Die Würenloserinnen und Würenloser des Jahres 2013

Etwas Versöhnliches zum Jahresausklang! In dieser total subjektiven Auswahl werden weder Extremsportler nochr Politstars geehrt, weder Wirtschafts- noch Geistesgrössen. Sondern Menschen wie Du und ich, deren Beitrag ans Dorfleben aber nicht hoch genug einzuschätzen ist. Ausschliesslich Gruppen sind es; zusammen gehts  leichter und machts mehr Spass! Als Preis gibt es weder einen vergoldeten Doppelzwiebelturm noch eine Gedenktafel am höchsten Punkt der Gemeinde im Gmeumeriwald. Eine einfache Erwähnung muss genügen – und  vielleicht kommt ja gelegentlich noch ein anerkennendes Wort von Ihnen, liebe Leserin, lieber Leser hinzu?

Tusch…  hier sind sie, die Besten von 2013:

1. Die Organisatorinnen des Chrischtchindli-Märts: Brigitte Markwalder, Margrit Wieser und Karin Egloff (löste nach der Premiere 2011 Hans Strässle im OK ab). Weil sie mit viel Herzblut einen Adventsanlass geschaffen haben, den schon nach der dritten Austragung niemand mehr missen möchte. Dieses Jahr war der Märt noch grösser und mit der Krippenausstellung um eine Attraktion reicher. Wiederum sind sich ungezählte Würenloserinnen und Würenloser begegnet und fühlten sich wohl. Hoch anzurechnen ist dem OK auch, dass es das Juwel Zentrumsscheune samt Umgebung jeweils für kurze Zeit aus dem Dornröschenschlaf weckt. Dieser Ort taugt definitiv zu mehr als zur Abstellkammer.

2. Stellvertretend für die über 140 Frauen, Kinder und Männer, die am Freilichtspiel «Die Teufelsuhr» im Mittleren Steinbruch mitgearbeitet haben: Beatrix Lorenzana, Sigi Zihlmann und Urs Gebistorf (Vorstand TheaterGemeinschaft Würenlos), Silvia Riolo und Antonio Mestre (musikalische Leitung), Dodo Riolo (Regieassistenz/Inspizient), Albert Freuler (Hauptdarsteller). Sie haben gegen anfänglich grosse Skepsis und Zurückhaltung in der Bevölkerung bewiesen, dass sich mit Leidenschaft und Engagement Grosses zum Erfolg bringen lässt. Auch wenn die Zeiten längst vorbei sind, in denen ein Ereignis wie «Die Teufelsuhr»  das ganze Dorf ins Premierenfieber versetzte.

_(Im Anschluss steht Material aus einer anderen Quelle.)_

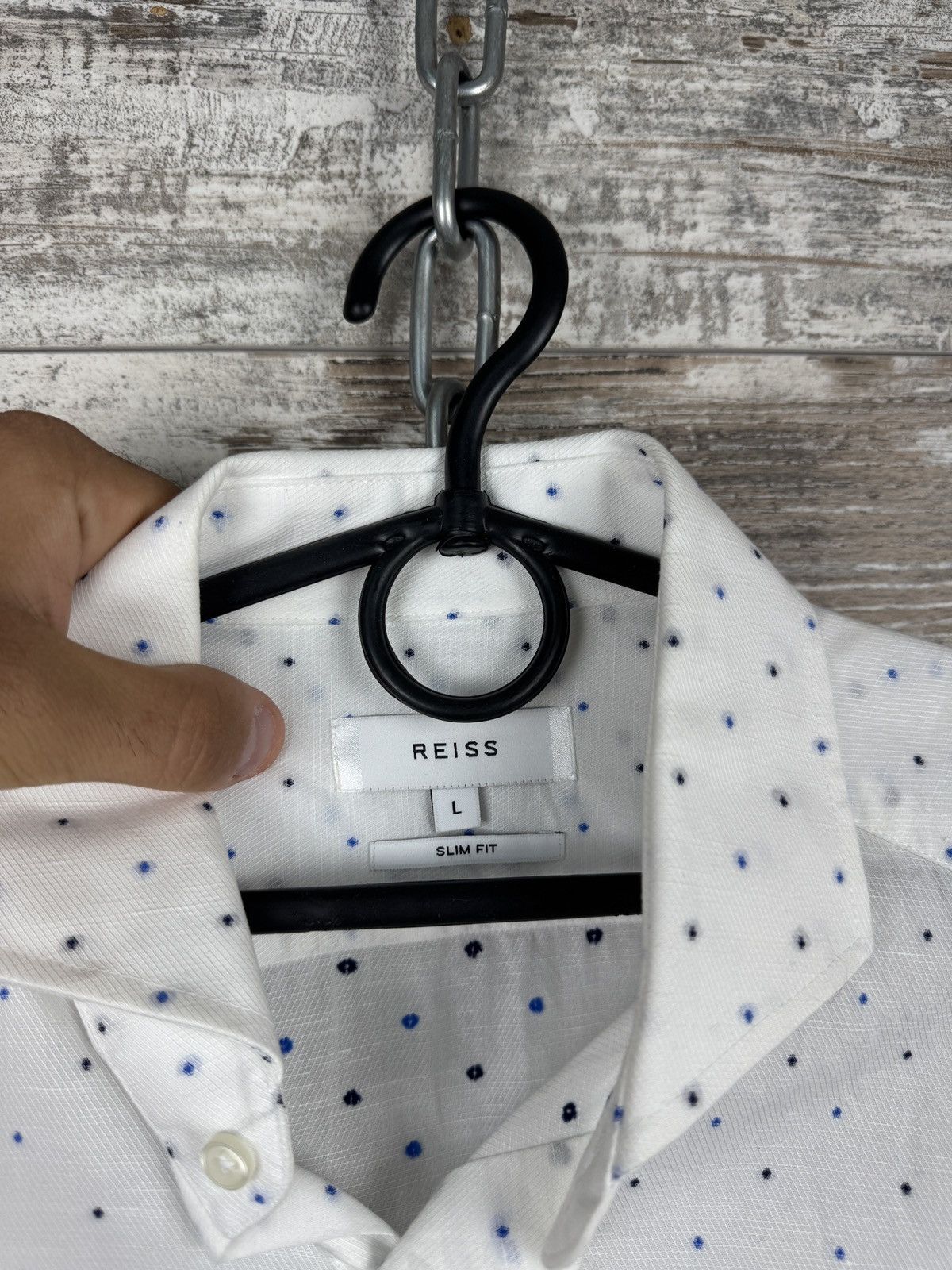 Reiss Mens Reiss shirts button up cotton linen luxury size L Size US L / EU 52-54 / 3 - 5 Thumbnail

3. Die Schülerinnen und Schüler der 3. Sek b (Klassenlehrer Patrick Tanner), die zehn Tage nach dem verheerenden Taifun Haiyan auf den Philippinen übers Wochenende zu Hause Kuchen und andere Leckereien gebacken und am folgenden Montag vor dem Coop zugunsten der Katastrophenopfer verkauft haben. Mit ihrer Aktion und Solidarität hat die Schulklasse bewiesen, dass ihre Generation gewillt ist, ihren Beitrag an eine Gesellschaft mit menschlichem Gesicht zu leisten und Verantwortung zu übernehmen.

4. Die reformierte Kirchenpflege, hier repräsentiert durch Bernhard Meyer (Präsident) und Markus Hugi (Ressort Liegenschaften). Ziekstrebig hat sie die Lösung eines lange schwelendes Liegenschaftenproblems gefunden, von der nun das ganze Dorf profitiert. Drei Fliegen auf einen Streich sozusagen: 1. dient das alte Pfarrhaus – an die Gemeinde vermietet – nun der Schule und dem Kindergarten. 2. ist das in erstaunlich kurzer Zeit realisierte neue Kirchgemeindehaus ein Beispiel dafür, wie sich moderne Architektur gut ins Ortsbild einfügen lässt. Und 3. ist es schön, dass es Kirchgemeinden gibt, die verantwortungs- und qualitätsbewusst mit der ihr anvertrauten Bausubstanz umgehen – keine Selbstverständlichkeit!